Slender Man

Let me start with some real-world background: in 2014, an American kid stabbed a classmate in the woods after reportedly being inspired by Slender Man, a meme that came from a Photoshop contest in 2009. Earlier this year, Sony released a trailer for their Slender Man horror movie and the father of the attacker called them out for “popularising a tragedy.” Having seen the film, I can tell you that he needn’t have worried.

Slender Man, Slender Man, does whatever a renderer can.

Don’t worry, the film isn’t based on the real-life tragedy. I mean yes, it’s about a group of girls. And they do become obsessed with Slender Man. And they are lured into the woods. But no one gets stabbed. Nor do much of anything. They simply summon Slender Man (black suit, awful CGI, no face), he stalks them for a bit, I get bored and try to work out where I’ve seen that terrible actor before (Wish Upon), and then it ends.

I couldn’t even find a picture for this review because the only available images are from the trailer and none of that’s in the actual film, and I don’t want to mislead anyone into thinking that anything actually happens in this movie. I’m not even sure it’s a movie. I don’t know what it is. It’s not a vegetable, because that would involve some hint of life. My current theory is that it’s an old bit of gravel, or maybe a pair of shoes.

Prepare to diet.

It’s been suggested that these scenes were cut in order to distance the film from the real incident or to obtain a teen-friendly PG-13 rating, because nothing gets the teenagers in like a slow, depressing, bloodless husk of a movie. Not that they’d be able to watch any violence anyway, considering the cinematography is so dark that you can’t see any of the nothing that’s happening on screen.

Not only does the film appear to have been placed in a blender, man, it also suffers from a laughably bad script by David Birke, who wrote the screenplay for Paul Verhoeven’s critically-acclaimed Elle; a film whose dialogue I originally assumed was stylised but now realise was probably just bad. Every scene here consists of monotonous exposition, as though we need people to keep explaining what’s going on when there’s literally nothing going on.

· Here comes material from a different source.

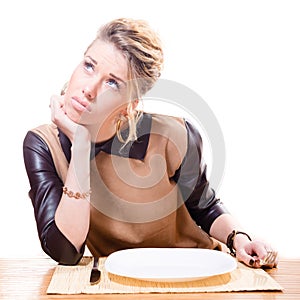 image of beautiful young attractive blond woman holding fork in her hand looking up, empty plate isolated on white background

And then it just sort of ends, leaving you with all these questions: What was that? How did such a blatant Buffy rip-off win this competition in the first place? And why did Sony think a Slender Man movie would be a good idea? Not least because his notoriety peaked back in 2014, or 1814 depending on how gullible you are. If you do have to watch a movie based on a meme, maybe go with Grumpy Cat’s Worst Christmas Ever. At least that one has April Ludgate.

If we can find some light in this impenetrable darkness, other than one scene featuring Maggot Brain by Funkadelic and another a Fishbone t-shirt, it’s that there’s a strange moral to come from this whole sorry affair: Sony tried to cash-in on a tragedy and ended up pissing everyone off and killing a franchise before it even began. It just goes to show, when you lose faith in Slender Man, you lose face entirely.